La situation est particulièrement frustrante pour ceux qui obtiennent une promotion à un poste mieux payé, mais qui apprennent ensuite qu’ils devront attendre leur hausse salariale pendant des mois tout en effectuant des tâches plus stressantes.

«Nous reconnaissons que la situation est frustrante et difficile, a écrit Services publics et Approvisionnement Canada dans un courriel. Toutefois, les employés continuent à recevoir le salaire de leur ancien poste jusqu’à ce que le transfert de leur salaire à leur nouveau poste soit complété.»

Le temps d’attente pour un transfert a considérablement augmenté au cours de la dernière année, lorsque le gouvernement a décidé de s’occuper en priorité des fonctionnaires qui avaient été sous-payés - ou pas payés du tout.

Du 1er janvier 2015 au 31 décembre 2016, avant l’arrivée du système de paie Phénix, le temps moyen de traitement du transfert d’un employé d’un poste vers un autre était de seulement 17 jours ouvrables, soit moins d’un mois, a dit par courriel Services publics et Approvisionnement Canada.

L’année suivante, pendant que le système Phénix était déployé, le temps d’attente moyen pour le transfert d’un salaire a pratiquement triplé, à 45 jours ouvrables.
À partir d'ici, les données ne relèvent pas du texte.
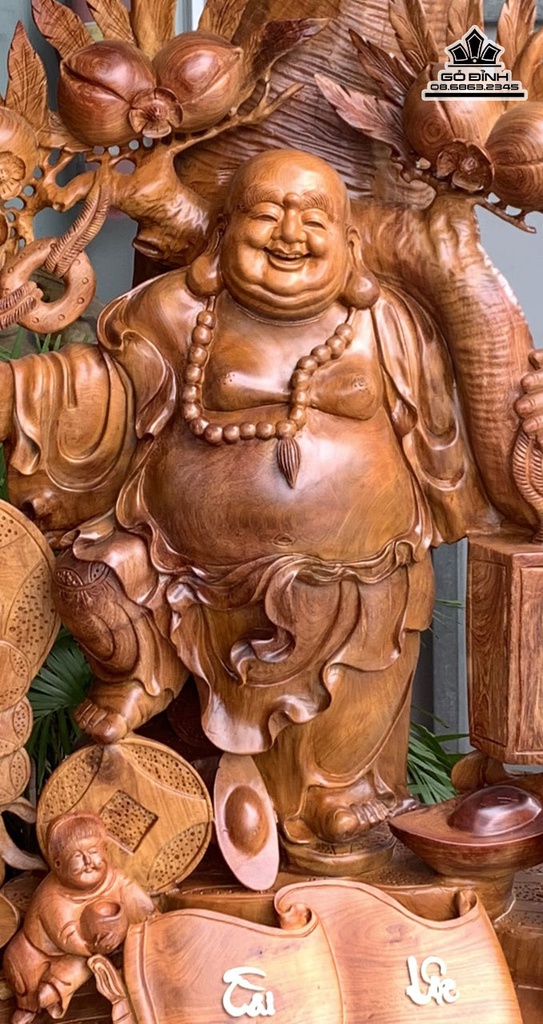 Tượng Di Lặc Đứng Gốc Tùng Gỗ Hương Gia Lai Cao 185 Ngang 122 Sâu 56 Cả Kỷ 215 (cm) 3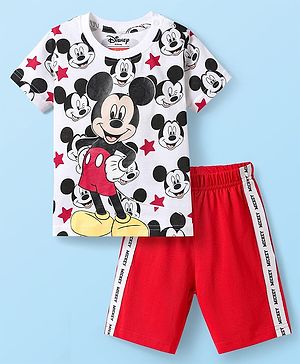 Babyhug Disney Single Jersey Knit  Half Sleeve Shorts Night Suit With Mickey Mouse Graphic - Red & White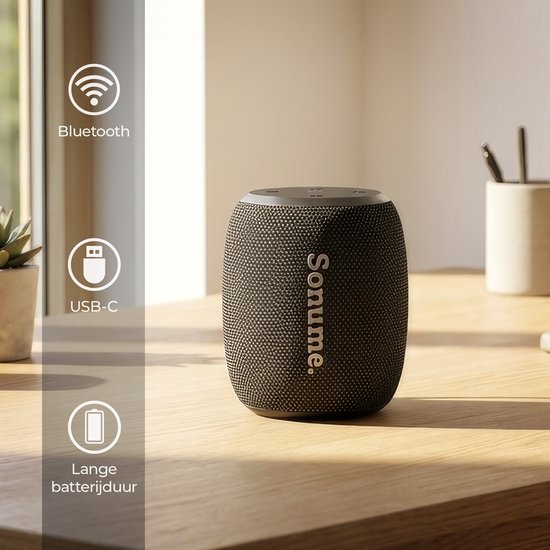 Sonume Go - Draadloze Bluetooth Speaker - 8 Uur Batterij - 360° Sound - Compact - Krachtig Geluid - Diepe Bass - IPX6 Waterproof - Zwart van Sonume — afbeelding 3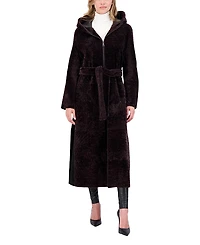 Gorski Shearling Zip Parka Coat with Belt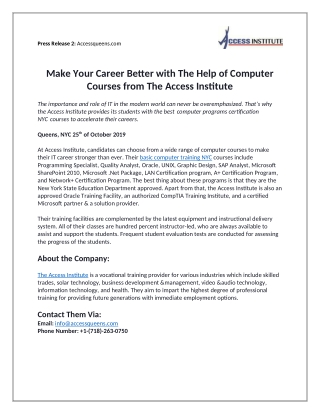 Make your career better with the help of computer courses from the Access Institute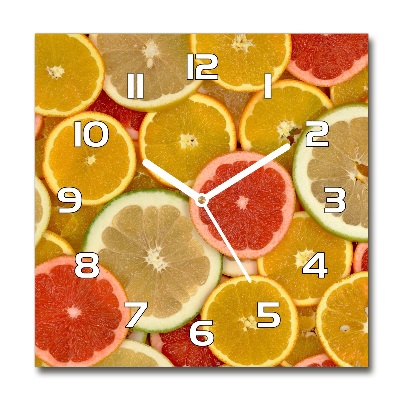 Skleněné hodiny kulaté Citrusové ovoce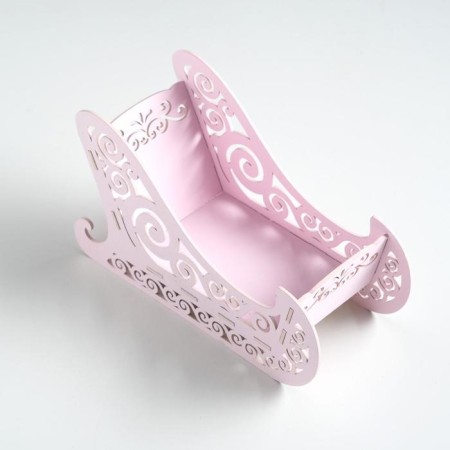 New Year. Wooden Kashpo, 23 × 10 × 14 cm "Sled", gift packaging, pink pastel-3
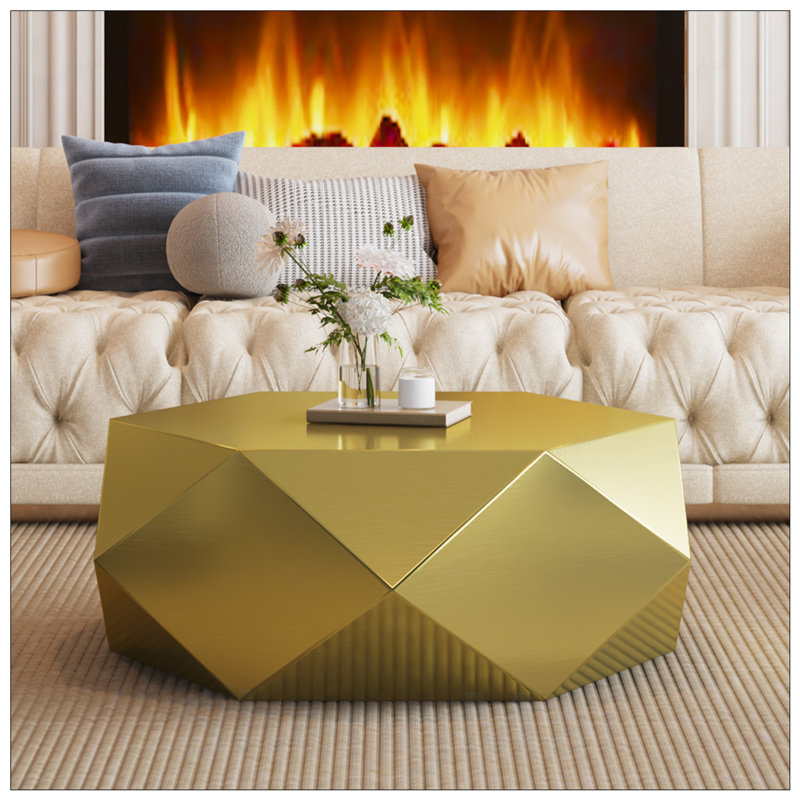 Table basse hexagonale moderne en acier inoxydable, aucun assemblage requis, parfaite pour les salons et les balcons, Doré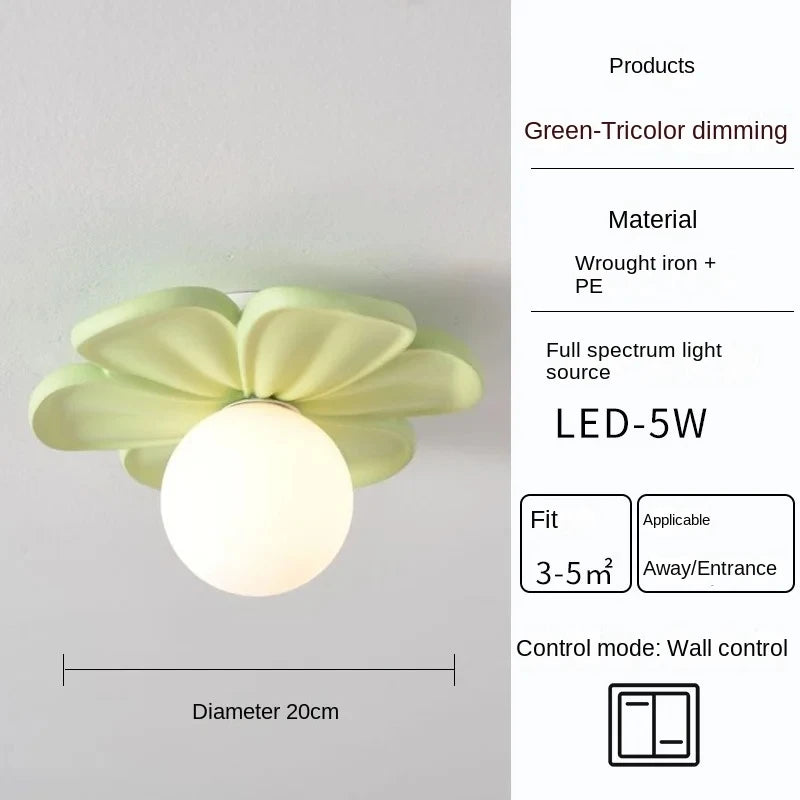 Modern Green Petals Wall Lamps Hallway AisleBalcony Porch Stair Ceiling Light wall Sconce Bedroom Study Decor Wall Lamps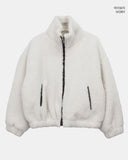 Dren quilted fur color matching zip-up jumper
Le système Phénix a été lancé en deux phases en 2016, en commençant par une trentaine de ministères, départements et organismes vers la fin du mois de février de cette année-là.

Des dizaines de milliers de fonctionnaires touchés

La deuxième vague a touché 67 ministères, départements et organismes en avril 2016, même si les syndicats et le gouvernement étaient alors inondés de récits d’employés qui peinaient à recevoir leur dû. L’été venu, le gouvernement a dû reconnaître que quelque 80 000 fonctionnaires étaient touchés par des problèmes importants concernant leur salaire.

Même si on a tout d’abord prédit que le système aurait été réparé au bout de quelques mois, les problèmes n’ont pas seulement perduré, ils se sont intensifiés au point où quelque 200 000 fonctionnaires étaient concernés à la fin de 2017, selon Services publics et Approvisionnement Canada.

Le ministère assure qu’il traite maintenant en priorité le dossier des employés transférés et espère mettre au point cette année un nouveau régime pour encadrer le tout.

«Un nouveau procédé de transfert des employés est maintenant perçu comme une priorité et fera partie de l’initiative «RH à la paie» au début de 2018», a dit le ministère par courriel.

M. Aylward n’en croit rien.

«Ils disent que les trop payés sont une priorité, que les T4 sont une priorité, que la mise en oeuvre des conventions collectives est une priorité et maintenant ils disent que les transferts d’un poste à un autre sont une priorité, a-t-il souligné. Tout est une priorité, donc rien n’est une priorité. C’est ce qui nous inquiète.»

Les délais de transfert des salaires brouillent aussi les chiffres des ministères et départements qui continuent à comptabiliser les salaires d’employés qui sont rendus ailleurs. Les responsables doivent souvent verser les salaires de gens qui ne travaillent plus pour eux, et ils paient parfois deux salaires pour un même poste si l’employé parti a été remplacé. D’autres choisissent tout simplement de ne pas pourvoir le poste en attendant que le transfert du salaire ait été complété, explique M. Aylward.

«Leurs budgets pour les salaires sont complètement détraqués. Je ne sais pas comment les ministères s’en tirent.»

Des représentants des syndicats et du gouvernement fédéral ont rencontré la Commission des relations de travail et de l’emploi dans le secteur public fédéral le 31 janvier. Le Conseil du Trésor a alors admis qu’il n’avait pas respecté l’échéancier de mise en oeuvre de quatre conventions collectives.

L’Alliance de la fonction publique du Canada a demandé à la Commission de dédommager les fonctionnaires puisque les conventions, que le gouvernement a signées en juin, n’ont pas été mises en place selon les échéanciers prévus.

La Commission devrait ordonner à Ottawa de mettre les conventions collectives en oeuvre, mais l’impact exact de cette décision sur les employés reste incertain.